Write out the data exactly from its first line onward, ending with the line in which "Zasłona к сериалу" appears.

Start of Provided records

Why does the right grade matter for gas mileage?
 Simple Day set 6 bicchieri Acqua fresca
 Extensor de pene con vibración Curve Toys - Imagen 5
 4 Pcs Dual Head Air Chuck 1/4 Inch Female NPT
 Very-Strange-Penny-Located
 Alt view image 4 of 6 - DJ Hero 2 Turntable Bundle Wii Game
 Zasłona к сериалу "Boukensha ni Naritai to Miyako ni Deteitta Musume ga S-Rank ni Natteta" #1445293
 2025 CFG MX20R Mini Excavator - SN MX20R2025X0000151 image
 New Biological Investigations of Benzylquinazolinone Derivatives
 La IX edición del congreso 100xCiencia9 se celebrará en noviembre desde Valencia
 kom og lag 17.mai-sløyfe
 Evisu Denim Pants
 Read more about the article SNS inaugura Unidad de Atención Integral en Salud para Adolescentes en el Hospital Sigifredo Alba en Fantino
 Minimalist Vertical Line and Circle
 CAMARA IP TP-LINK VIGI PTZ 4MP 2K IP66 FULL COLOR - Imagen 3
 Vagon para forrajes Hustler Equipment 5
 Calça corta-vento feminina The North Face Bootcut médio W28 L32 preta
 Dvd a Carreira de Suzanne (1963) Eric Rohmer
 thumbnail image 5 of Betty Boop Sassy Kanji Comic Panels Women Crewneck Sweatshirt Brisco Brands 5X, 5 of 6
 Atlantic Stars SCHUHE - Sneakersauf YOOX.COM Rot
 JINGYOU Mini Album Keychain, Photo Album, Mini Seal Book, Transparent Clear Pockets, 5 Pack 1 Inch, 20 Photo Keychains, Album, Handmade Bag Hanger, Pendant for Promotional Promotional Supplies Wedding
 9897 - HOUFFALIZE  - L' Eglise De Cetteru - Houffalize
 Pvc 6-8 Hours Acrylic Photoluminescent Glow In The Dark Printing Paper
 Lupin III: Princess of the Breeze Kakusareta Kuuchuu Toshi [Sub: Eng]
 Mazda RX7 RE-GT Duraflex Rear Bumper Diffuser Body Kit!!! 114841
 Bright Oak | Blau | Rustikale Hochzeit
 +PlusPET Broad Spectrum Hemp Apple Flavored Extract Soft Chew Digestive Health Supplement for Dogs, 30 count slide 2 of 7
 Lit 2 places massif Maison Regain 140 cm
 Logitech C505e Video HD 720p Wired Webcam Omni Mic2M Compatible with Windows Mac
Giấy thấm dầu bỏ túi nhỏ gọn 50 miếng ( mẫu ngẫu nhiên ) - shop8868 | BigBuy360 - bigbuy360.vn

End of Provided records

* Answer section *
Why does the right grade matter for gas mileage?
 Simple Day set 6 bicchieri Acqua fresca
 Extensor de pene con vibración Curve Toys - Imagen 5
 4 Pcs Dual Head Air Chuck 1/4 Inch Female NPT
 Very-Strange-Penny-Located
 Alt view image 4 of 6 - DJ Hero 2 Turntable Bundle Wii Game
 Zasłona к сериалу "Boukensha ni Naritai to Miyako ni Deteitta Musume ga S-Rank ni Natteta" #1445293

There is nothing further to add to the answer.